The impact of technology is, however, already reaching the small farmer. I give you an example of a place in Punjab, where we have put up automated solar powered micro irrigation systems. Earlier, these areas practised rain fed farming. The smallest landholding we have is around 500 square meters, and even farmers in this category are enjoying the benefits and improving their incomes. They are not migrating to the cities for doing labor anymore. It is so encouraging to see people from all sectors coming forward and experimenting with various business models in the space. A lot of these agri startups are coming from the IITs, university systems and of course, the government is also playing a big role.
We are working on quite a number of technologies like IoT- based devices, particularly for flooded rice fields. We are promoting a technology called alternate wetting and drying. This IoT-based technology senses moisture and helps the farmer to economize, thereby saving around 20-30% of water. This technology costs around Rs 10,000 and we are testing this technology on almost 200 farmers across the state of Punjab.
And of course, we are also working on drip irrigation in rice. In Punjab, the lands are flat, and there we are using low pressure drip irrigation systems, particularly in rice, because that reduces the cost of drip irrigation systems to almost 1/3rd .
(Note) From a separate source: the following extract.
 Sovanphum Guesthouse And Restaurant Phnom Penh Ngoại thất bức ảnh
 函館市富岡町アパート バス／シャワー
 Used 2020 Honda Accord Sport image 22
A decade from now, you could expect to see automated drip irrigated farms across the board, irrespective of size. A farmer will have a mobile phone in his hand with all kinds of information, right from going into the field, measuring or taking images, getting decisions on issues like pest management, biotic and abiotic stresses, etc. I know a particular system where they are measuring the stress in the, biotic stresses in corn by just clicking an image from any kind of mobile. It goes back to the servers who guide the farmer on the situation. This level of empowerment of farmers, led by technology, promises a paradigm leap towards agriculture that is both profitable and environmentally sustainable in India.
Dr. Rakesh Sharda is Principal Scientist (Plasticulture) cum Principal Investigator, Precision Farming Development Center, Department of Soil and Water Engineering, Punjab Agricultural University. Views expressed are personal.